Clinical Manifestations and Gene Expression in Patients with Conventional Papillary Thyroid Carcinoma Carrying the BRAF(V600E) Mutation and BRAF Pseudogene | Health & Environmental Research Online (HERO)

HERO ID

3130247

Reference Type

Journal Article

Title

Clinical Manifestations and Gene Expression in Patients with Conventional Papillary Thyroid Carcinoma Carrying the BRAF(V600E) Mutation and BRAF Pseudogene

Author(s)

Lin, JD; Fu, SS; Chen, JY; Lee, CH; Chau, WK; Cheng, CW; Wang, YH; Lin, YF; Fang, WF; Tang, KT

Year

2016

Is Peer Reviewed?

1

Journal

Thyroid
ISSN: 1050-7256
EISSN: 1557-9077

Language

English

PMID

26914762

DOI

10.1089/thy.2015.0044

Abstract

BACKGROUND: The association of BRAF(V600E) with the clinical manifestations of papillary thyroid carcinoma (PTC) remains controversial. Recent studies have shown that the BRAF pseudogene can activate the MAPK pathway and induce tumorigenesis. This study investigated the association of BRAF(V600E), the BRAF pseudogene, and their mRNA levels with clinical features and thyroid-specific gene expression in conventional PTCs.

MATERIALS AND METHODS: A total of 78 specimens were collected from patients with conventional PTCs. RNA was isolated, and quantitative polymerase chain reaction was used to measure the mRNA levels of BRAF, the BRAF pseudogene, and thyroid-specific and tumor-related genes. Immunohistochemical (IHC) staining of BRAF, ERK, sodium-iodide symporter (NIS), thyrotropin receptor, glucose transporter 1, and Ki67 was also performed.

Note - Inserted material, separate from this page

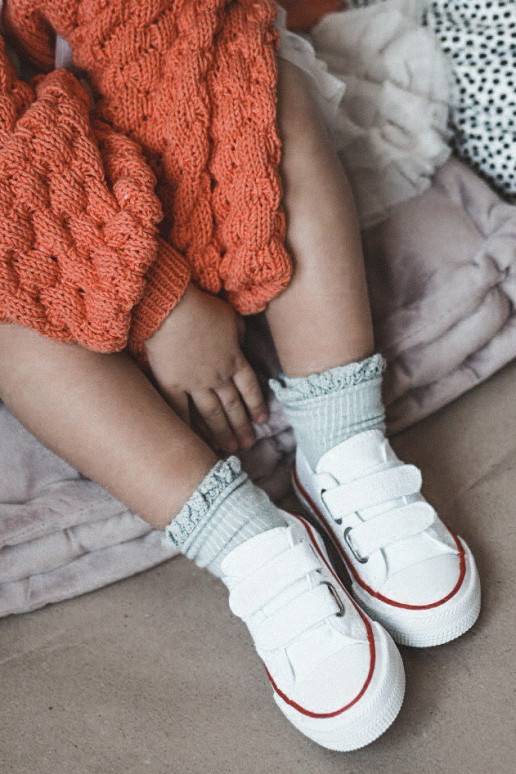 Calçado infantil de lazer com fechos...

RESULTS: BRAF(V600E) and the BRAF pseudogene were detected in 73.0% (57/78) and 91.7% (44/48), respectively, of the conventional PTCs. The presence of BRAF(V600E) was not associated with the multiple clinical features assessed or the recurrence rate during 76.9 ± 47.2 months of follow-up. Neither was it associated with IHC staining or tumor-related/thyroid-specific gene expression, except for decreased NIS gene expression. The BRAF pseudogene was not associated with clinical characteristics or thyroid-specific gene expression, except for decreased decoy receptor 3 (DCR3) expression. High BRAF mRNA levels were associated with bilateral and multifocal lesions, and BRAF-pseudogene mRNA levels were positively correlated with BRAF mRNA levels (r = 0.415, p = 0.009).

CONCLUSION: These results do not support the use of the BRAF(V600E) mutation as a prognostic marker of conventional PTC. However, the association of high BRAF mRNA levels with more advanced clinical features suggests that BRAF mRNA levels might be a more useful clinical marker of PTCs, independent of the BRAF(V600E) mutation status. The correlation between BRAF-pseudogene mRNA levels and BRAF mRNA levels in PTCs is in agreement with the hypothesis that the BRAF pseudogene regulates BRAF expression during tumorigenesis by acting as competitive noncoding RNA. However, additional studies with larger sample sizes are required to confirm these findings.